An essay from five years ago, but still very relevant today. As the author of the repost states: “Hubris at the Next Economy conference around robotic writing reminded me of this essay from 5 years ago.”
- Character-based Neural Machine Translation
This paper introduces a neural machine translation model that views the input and output sentences as sequences of characters rather than words. The authors show that their model can achieve translation results that are on par with conventional word-based models.
- Reducing Overfitting in Deep Networks by Decorrelating Representations
One major challenge in training Deep Neural Networks is preventing overfitting. Many techniques such as data augmentation and novel regularizers such as Dropout have been proposed to prevent overfitting without requiring a massive amount of training data. This work proposes a new regularizer called DeCov which leads to significantly reduced overfitting and better generalization.
- Fun with Simpson’s Paradox
Wikipedia describes Simpson’s paradox as “a trend that appears in different groups of data but disappears or reverses when these groups are combined.”
- “Neural Art” in TensorFlow
An implementation of “A neural algorithm of Artistic style” in TensorFlow.
- Unsupervised Representation Learning with Deep Convolutional Generative Adversarial Networks
“All images in this paper are generated by a neural network. They are NOT REAL. Full paper here: http://arxiv.org/abs/1511.06434.”

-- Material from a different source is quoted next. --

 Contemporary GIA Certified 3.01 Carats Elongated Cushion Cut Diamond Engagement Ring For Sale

- The hardest parts of data science
Contrary to common belief, the hardest part of data science isn’t building an accurate model or obtaining good, clean data. It is much harder to define feasible problems and come up with reasonable ways of measuring solutions. This post discusses some examples of these issues and how they can be addressed.

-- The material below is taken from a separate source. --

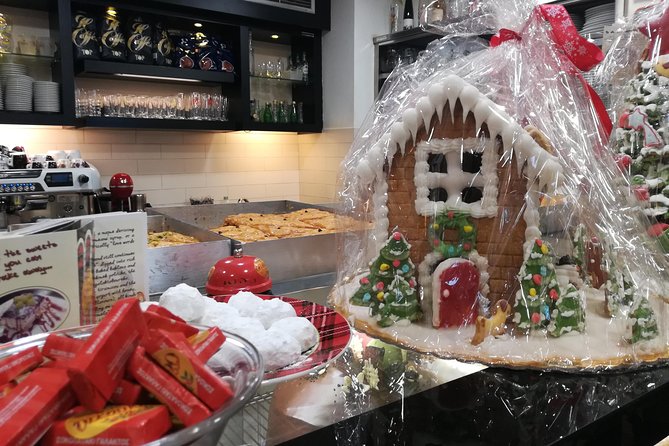 Christmas food and walking tour in Athens - Ermou Street: where the decorated shopping street turns into dessert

- Building Analytics at Simple
“Early in 2014, Simple was a mid-stage startup with only a single analytics-focused employee. When we wanted to answer a question about customer behavior or business performance, we would have to query production databases. Everybody in the company wanted to make informed decisions, from engineering to product strategy to business development to customer relations, so it was clear that we needed to build a data warehouse and a team to support it.”

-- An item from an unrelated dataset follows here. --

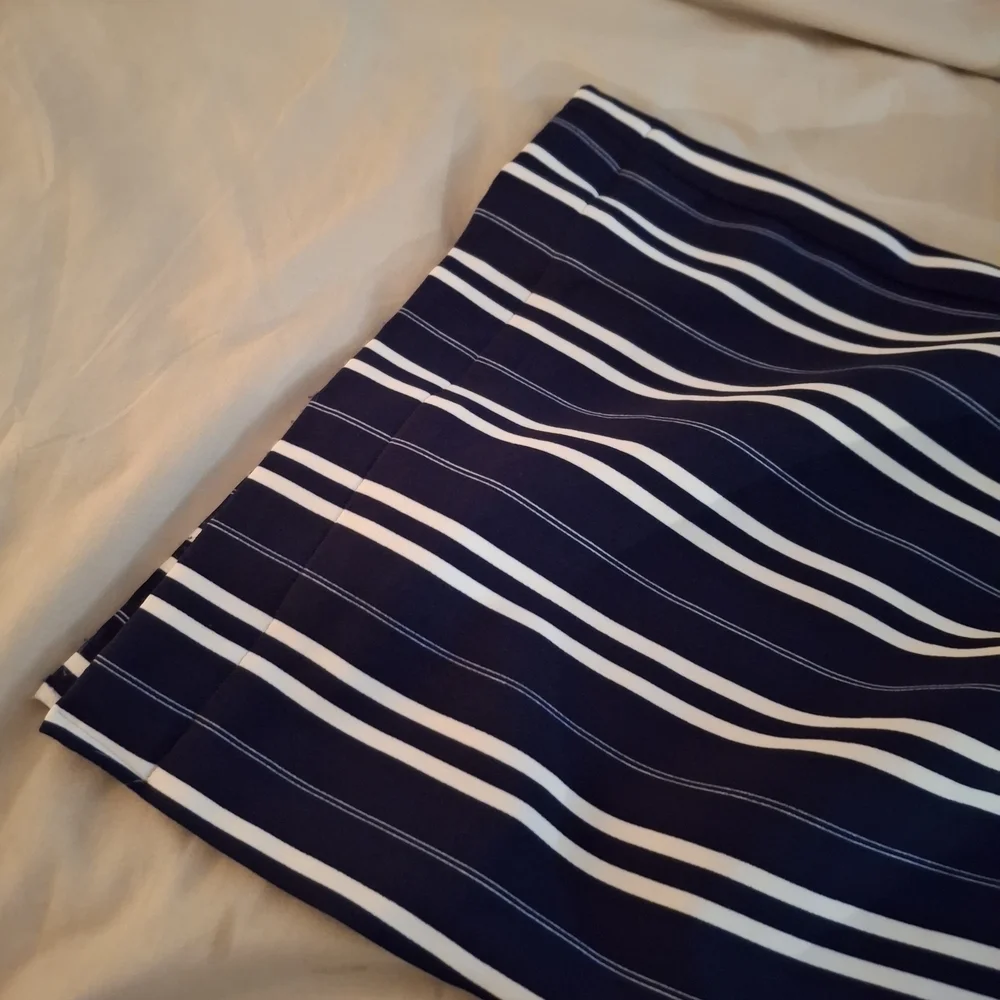 NY Collection Women's Navy and White Striped Palazzo Pants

- NBA Player Movement Data in R
“Everyone’s excited about the newly released NBA player movement data that’s been released – at least I am. I stumbled across this post which shows how to visualize player movement data in Python, but I wanted to figure out how to do the same in R. We’ll use a combination of several R packages including RCurl, jsonlite, png and plotrix.”
- Simple end-to-end TensorFlow examples
Some simple examples to get started with TensorFlow.
- Tree-based Pipeline Optimization Tool (TPOT)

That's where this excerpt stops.